> **Problem details**
Lines from the one containing "New Zealand Polo" through the last line of the data are to be returned exactly, both ends included, minus any pictures.

> **Collected material**
%%

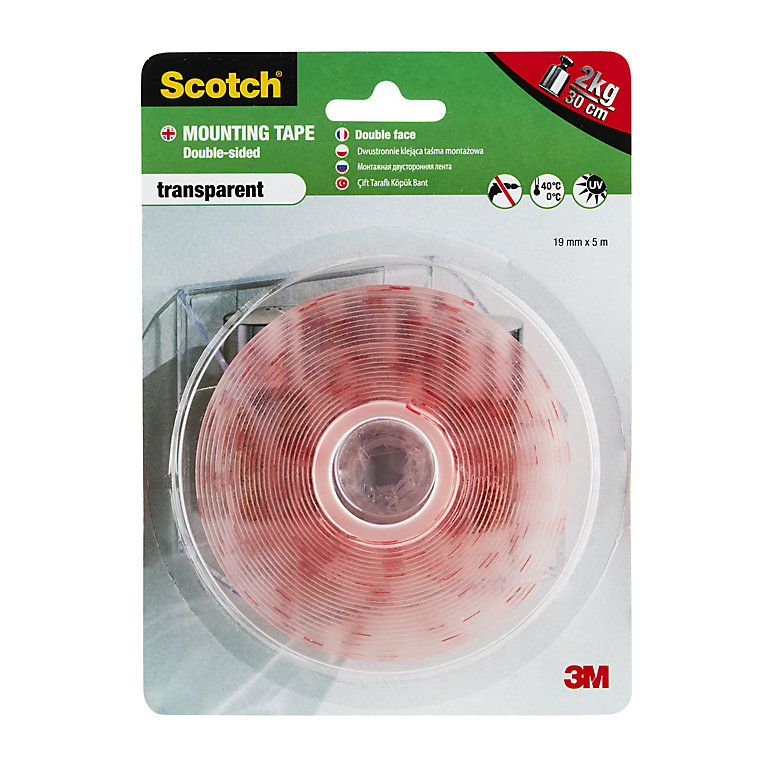 Scotch Transparent Mounting Tape (L)5m (W)19mm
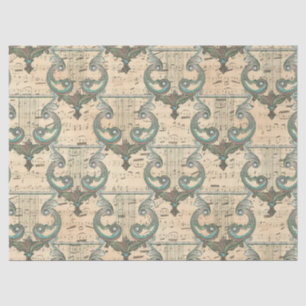 Patina Harps und Musiknote über Cream Decoupage Seidenpapier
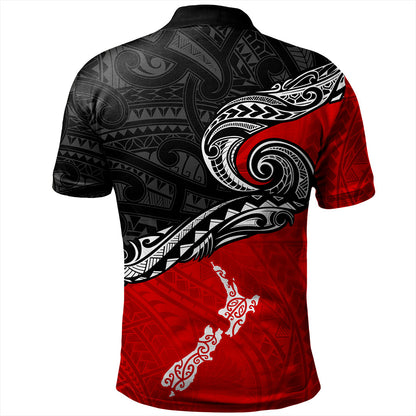 New Zealand Polo Shirt Maori Tribal Design Flag With Map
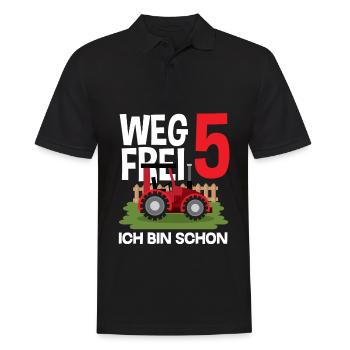5e anniversaire tracteur 5 ans chemise d’anniversaire - Polo Homme - noir - Devant - Kai (181cm)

%%

> **Result**
 New Zealand Polo Shirt Maori Tribal Design Flag With Map
5e anniversaire tracteur 5 ans chemise d’anniversaire - Polo Homme - noir - Devant - Kai (181cm)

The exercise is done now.